The Walt Whitman Bridge, connecting the City of Philadelphia
and Gloucester City, New Jersey, was built with steel produced in Coatesville.
While businesses that manufacture steel and aluminum strongly support the imposition of the new tariffs on most imported products, a number of businesses that make consumer products are adamantly opposed to the new tariffs. These businesses generally cite an increase in costs for the production of their consumer products which force higher prices that then result in lower sales.
One of the groups opposed to the new steel and aluminum tariffs is the Precision Metalforming Association. According to Mr. Roy Hardy, President of the Association, the new tariffs will likely cause customers of the metalforming industry to purchase finished products – that do not include the new tariffs – from other countries. “Our members went through this in 2002,” explained Mr. Hardy. “When the U.S. government imposed tariffs on steel imports, [there was a] loss of 19 percent of all metalforming manufacturers in the United States.” The Association indicated that this loss was “due to high steel prices and business lost to overseas competitors.”
In 2003, the then-head of the Precision Metalforming Association, Mr. Jon Jenson, was chairman of the Consuming Industries Trade Action Coalition. A study founded by this organization detailed how 200,000 Americans lost their jobs when President George W. Bush imposed tariffs on a variety of steel products. Tariffs placed on imported steel products ranged from 8% for stainless steel wire products to 15% for products like rebar to 30% for such products as steel plates.
The report, entitled “The Unintended Consequences of U.S. Steel Import Tariffs: A Quantification of the Impact During 2002”, highlighted major problems that occurred within the American economy because of these tariffs.
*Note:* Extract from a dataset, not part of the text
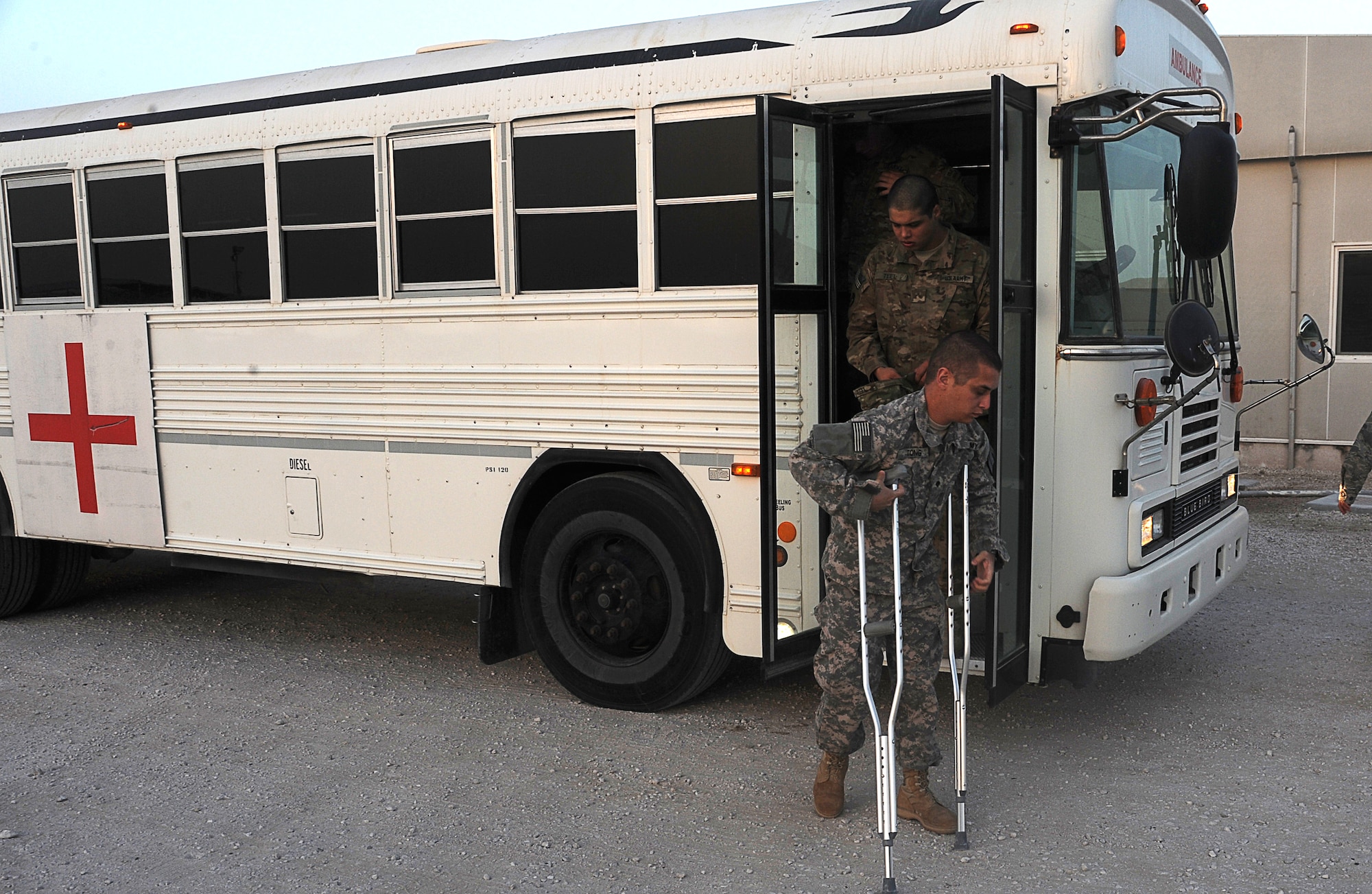 Spc. Peter Tong,  Intra Theater Care Program patient, steps off the bus prior to departing on a mission  to Germany to continue rehabilitation treatment. Missions happen four times a week, the extent of the injury is what determines if the patients go back downrange or home for further medical treatment. (U.S. Air Force photo/ Staff Sgt. Liliana Moreno)         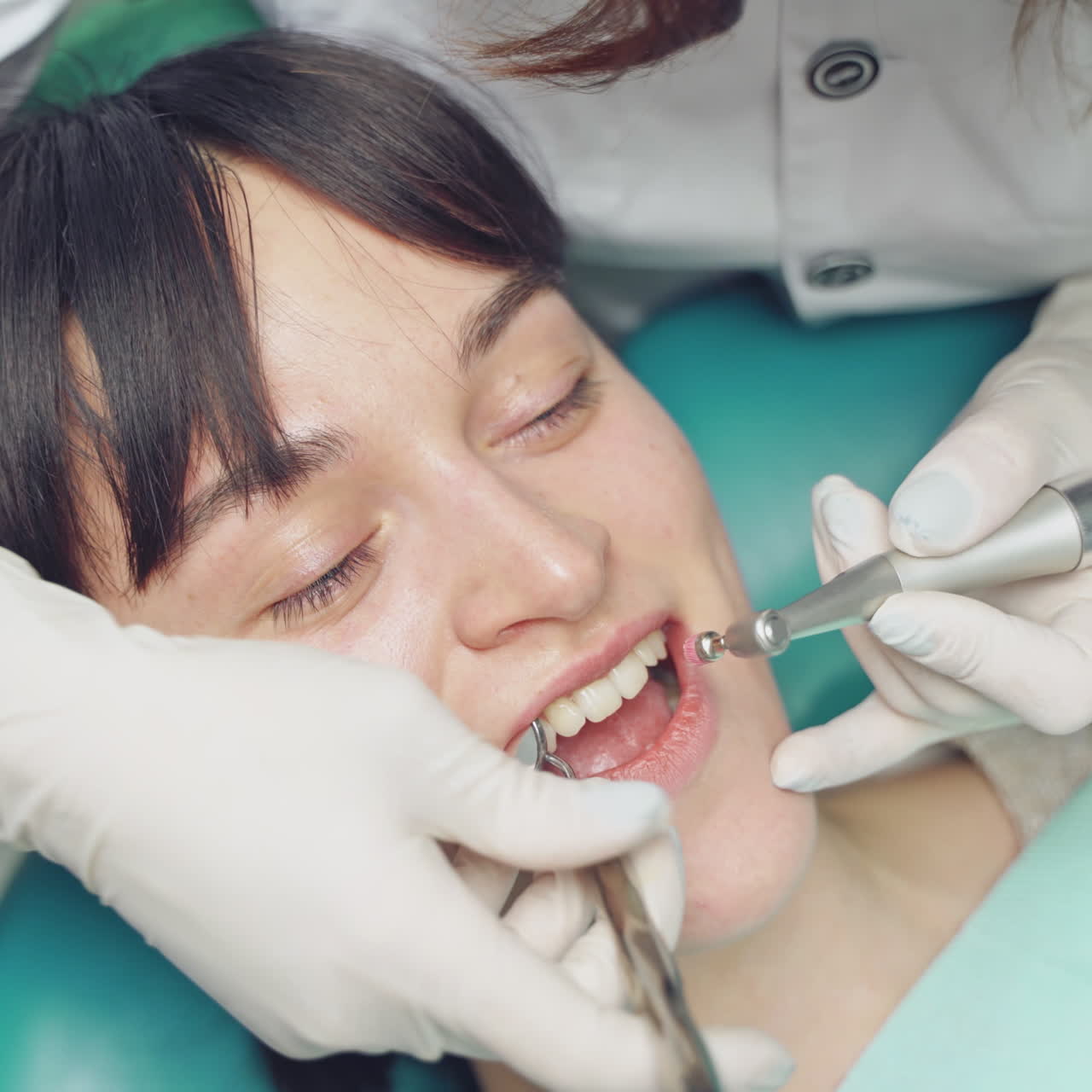 Dentist at work in the office. Woman dentist working at her patients teeth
The Bureau of Labor Statistics of the United States Department of Commerce shows that there has been a substantial decrease in the number of workers employed in the Durable Goods – Primary Metal Manufacturing Industries (including steel production). This is the case both nationally and in Pennsylvania. (Separate statistics are not readily available for Chester County alone.)
In January of 1990, the Bureau of Labor Statistics indicated that 73,700 individuals worked in these industries in Pennsylvania. In February of 1994, the number of individuals working in these industries was below 60,000 workers for the first time in recent history in Pennsylvania. In January of 2002, employment dipped below 50,000 workers in these industries for the first time in recent history in Pennsylvania. Seven years later, in January of 2009, less than 40,000 individuals were employed in these industries in Pennsylvania. By May of 2009, it was less than 35,000 workers in Pennsylvania employed in these industries. Since then, the number of workers in these industries has varied from 34,600 to 40,000 individuals. In January of 2018, that number employed in these industries was 35,100 individuals in Pennsylvania.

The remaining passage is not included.